Don’t Optimize Google Adsense eCPM

by jim on December 31st, 2009

On numerous occasions, when I’ve talked to other bloggers about monetization, the topic of optimizing Google Adsense almost always comes up. For many new bloggers, Adsense is a quick, low maintenance, and non-intimidating way to monetize a blog. Blog readers are comfortable with Adsense because they see it everywhere and likely don’t find that it jars their experience.

Adsense Metrics

In talking about Adsense, there are really only a few metrics to look at – impressions, clicks, clickthrough rate (clicks divided by impressions), eCPM (effective CPM, or earnings be 1,000 impressions), and revenue. So with any metric, we are always trying to improve them through testing, right?

Unfortunately, too many times bloggers focus on the wrong metric to improve. They recognize that revenue is a product of the other metrics and impressions is a product of how many ad placements you run. So after that you
really are left with clicks, CTR, and eCPM. CTR and clicks are intertwined, so working with CTR alone will get you the results you want.

Why is eCPM is a red herring?

If you think about the math aspect of it, eCPM comes after revenue, which we’ve already determined is itself controlled by other factors. Revenue is a product of the clicks times the value of each click, which is never revealed on an individual click by click basis (though you can figure this out if you track multiple channels). eCPM is then calculated by dividing revenue by the number of 1000s of impressions.
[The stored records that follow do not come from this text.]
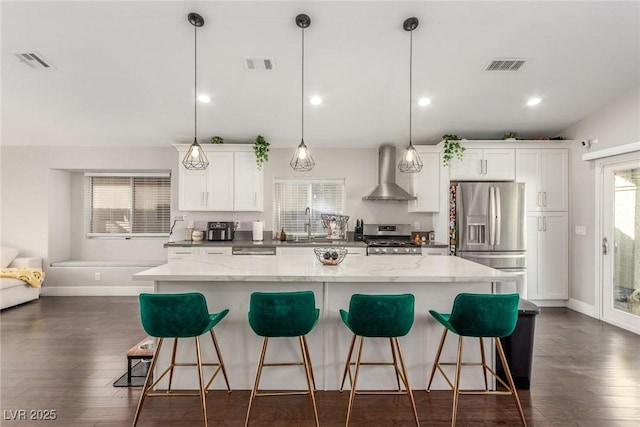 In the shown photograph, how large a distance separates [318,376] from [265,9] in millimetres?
3023

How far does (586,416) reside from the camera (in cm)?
222

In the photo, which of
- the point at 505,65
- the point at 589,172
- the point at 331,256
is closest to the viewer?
the point at 331,256

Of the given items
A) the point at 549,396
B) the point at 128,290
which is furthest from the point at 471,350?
the point at 128,290

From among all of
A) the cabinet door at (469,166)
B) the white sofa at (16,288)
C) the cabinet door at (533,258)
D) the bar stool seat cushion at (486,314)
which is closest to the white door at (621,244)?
the cabinet door at (533,258)

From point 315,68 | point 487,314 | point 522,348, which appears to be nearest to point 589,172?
point 522,348

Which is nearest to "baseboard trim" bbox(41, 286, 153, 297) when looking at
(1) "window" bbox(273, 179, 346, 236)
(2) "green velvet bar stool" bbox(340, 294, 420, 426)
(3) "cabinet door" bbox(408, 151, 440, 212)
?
(1) "window" bbox(273, 179, 346, 236)

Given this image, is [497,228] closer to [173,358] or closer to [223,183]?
[223,183]

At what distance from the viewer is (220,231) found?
504 centimetres

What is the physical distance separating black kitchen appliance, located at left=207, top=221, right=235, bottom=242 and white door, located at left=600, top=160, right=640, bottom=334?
17.0ft

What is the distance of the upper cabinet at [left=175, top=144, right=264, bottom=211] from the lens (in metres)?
4.90

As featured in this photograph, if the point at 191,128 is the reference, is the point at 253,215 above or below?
below

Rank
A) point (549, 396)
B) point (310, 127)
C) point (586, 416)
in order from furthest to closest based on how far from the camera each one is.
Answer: point (310, 127) < point (549, 396) < point (586, 416)

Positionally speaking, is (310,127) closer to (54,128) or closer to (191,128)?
(191,128)

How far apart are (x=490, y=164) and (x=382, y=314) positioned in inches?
142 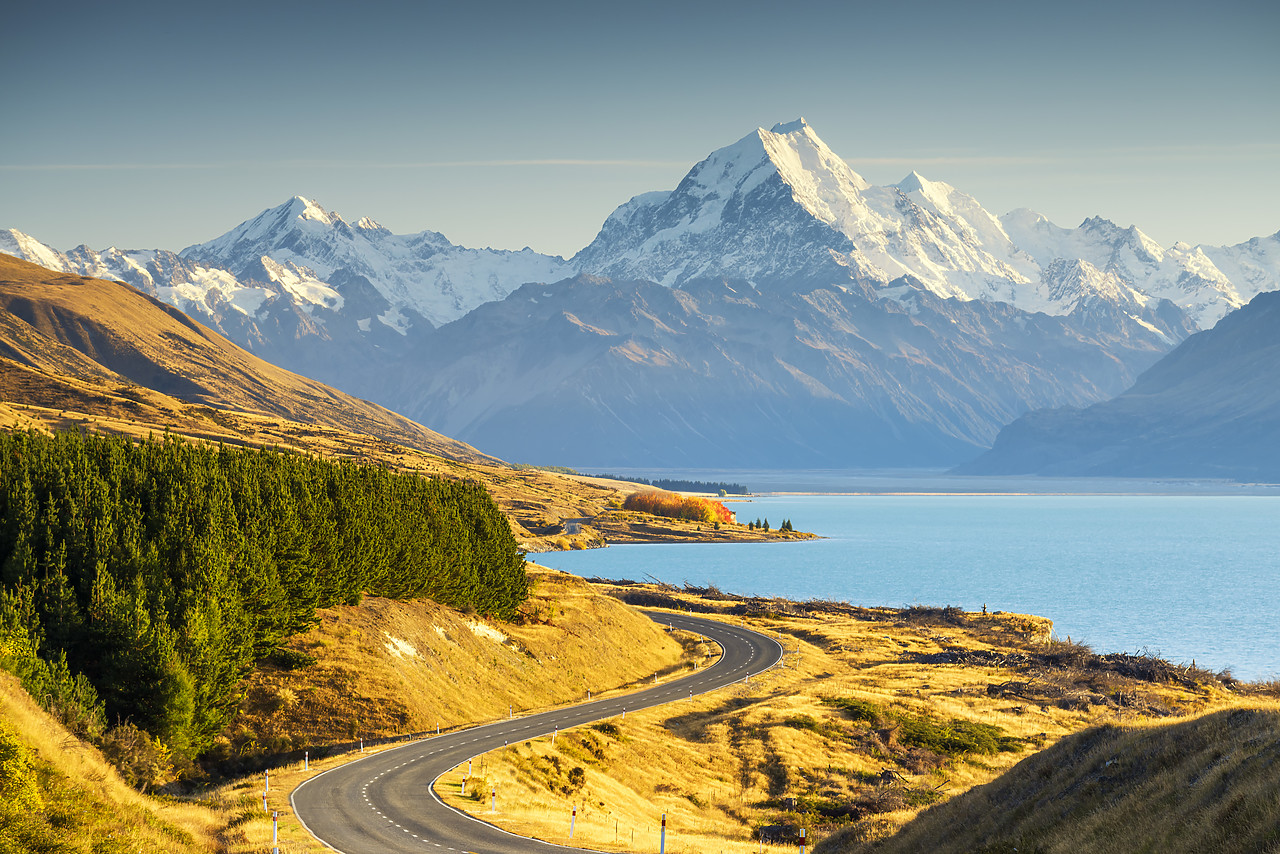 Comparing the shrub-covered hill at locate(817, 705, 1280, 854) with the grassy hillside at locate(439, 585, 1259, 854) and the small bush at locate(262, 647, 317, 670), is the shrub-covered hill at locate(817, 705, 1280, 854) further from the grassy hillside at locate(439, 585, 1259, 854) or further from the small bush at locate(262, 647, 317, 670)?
the small bush at locate(262, 647, 317, 670)

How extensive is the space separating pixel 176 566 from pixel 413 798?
21085mm

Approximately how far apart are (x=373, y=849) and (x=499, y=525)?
66907mm

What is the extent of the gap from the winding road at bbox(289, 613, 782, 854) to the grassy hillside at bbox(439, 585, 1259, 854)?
2.03 meters

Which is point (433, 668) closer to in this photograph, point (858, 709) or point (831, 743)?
point (831, 743)

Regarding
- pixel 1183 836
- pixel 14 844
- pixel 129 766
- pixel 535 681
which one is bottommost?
pixel 535 681

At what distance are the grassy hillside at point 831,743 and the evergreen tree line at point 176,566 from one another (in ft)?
51.6

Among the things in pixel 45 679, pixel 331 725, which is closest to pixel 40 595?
pixel 45 679

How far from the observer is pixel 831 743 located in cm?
7562

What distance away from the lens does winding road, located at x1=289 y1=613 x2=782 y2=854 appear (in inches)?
1735

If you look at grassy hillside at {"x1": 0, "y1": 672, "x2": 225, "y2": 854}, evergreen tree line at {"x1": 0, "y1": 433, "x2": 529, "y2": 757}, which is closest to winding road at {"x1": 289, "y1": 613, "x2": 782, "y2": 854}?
grassy hillside at {"x1": 0, "y1": 672, "x2": 225, "y2": 854}

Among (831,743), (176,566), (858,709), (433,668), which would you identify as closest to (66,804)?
(176,566)

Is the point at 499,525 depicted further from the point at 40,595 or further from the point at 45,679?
the point at 45,679

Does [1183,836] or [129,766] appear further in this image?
[129,766]

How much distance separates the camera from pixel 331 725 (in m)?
67.8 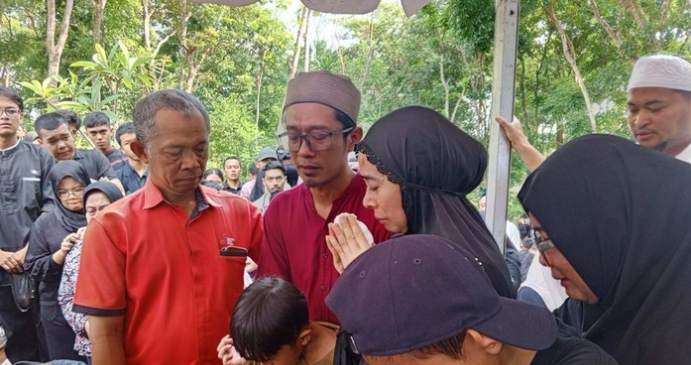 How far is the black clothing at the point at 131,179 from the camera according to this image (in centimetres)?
464

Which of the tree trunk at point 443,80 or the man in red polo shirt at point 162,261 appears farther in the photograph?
the tree trunk at point 443,80

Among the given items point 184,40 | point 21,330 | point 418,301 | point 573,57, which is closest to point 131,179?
point 21,330

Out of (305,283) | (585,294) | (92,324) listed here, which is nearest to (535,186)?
(585,294)

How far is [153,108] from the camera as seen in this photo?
1636 mm

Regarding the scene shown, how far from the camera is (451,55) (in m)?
15.8

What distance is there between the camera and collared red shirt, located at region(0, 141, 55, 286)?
11.9 ft

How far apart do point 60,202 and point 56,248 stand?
1.04 ft

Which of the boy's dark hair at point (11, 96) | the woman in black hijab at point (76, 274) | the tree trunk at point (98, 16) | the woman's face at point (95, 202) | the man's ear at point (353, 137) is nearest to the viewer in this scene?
the man's ear at point (353, 137)

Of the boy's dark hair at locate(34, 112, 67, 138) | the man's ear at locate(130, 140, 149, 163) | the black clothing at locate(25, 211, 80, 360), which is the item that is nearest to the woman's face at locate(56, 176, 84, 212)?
the black clothing at locate(25, 211, 80, 360)

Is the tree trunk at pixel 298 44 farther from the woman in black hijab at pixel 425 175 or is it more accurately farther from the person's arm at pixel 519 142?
the woman in black hijab at pixel 425 175

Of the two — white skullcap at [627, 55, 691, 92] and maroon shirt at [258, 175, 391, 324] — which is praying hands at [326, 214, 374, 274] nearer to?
maroon shirt at [258, 175, 391, 324]

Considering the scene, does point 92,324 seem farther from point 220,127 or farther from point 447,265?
point 220,127

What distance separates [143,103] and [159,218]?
1.29 feet

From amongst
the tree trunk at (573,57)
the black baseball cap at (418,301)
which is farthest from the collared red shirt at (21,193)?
the tree trunk at (573,57) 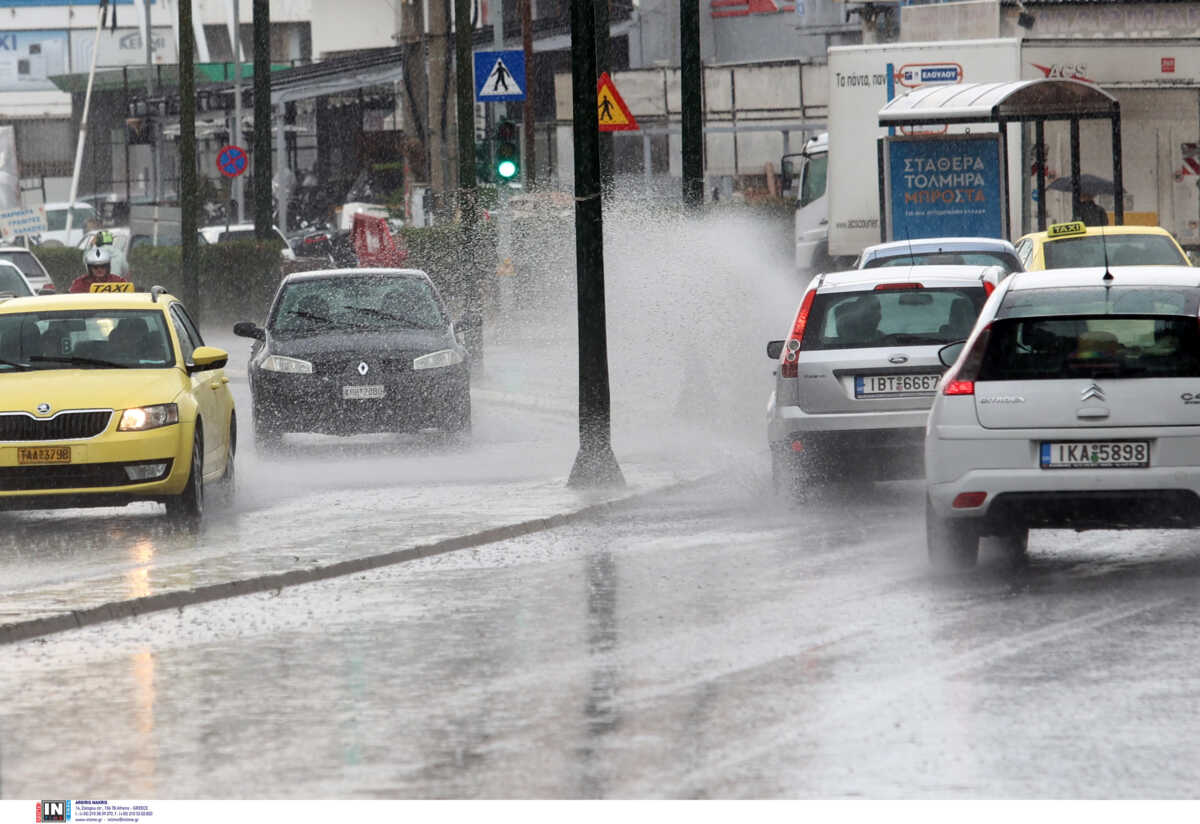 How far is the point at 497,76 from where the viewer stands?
25.9 meters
What this means is that it’s clicks, and consequently CTR, that you should be focusing on. When optimizing, you should focus on how to improve each individual block’s CTR (or deciding it’s so low that you prefer to remove it to improve the user experience). You can increase eCPM by simply removing under-performing (low CTR) Adsense blocks, but that could cut into your earnings and has you focus on the wrong metric.

Adsense eCPM does have value, it tells you how much that placement is worth to you as a publisher. If a company wants to buy the placement for a month, you have a good idea of how much that spot is generating each month.

Just don’t focus your optimization efforts with that metric in mind.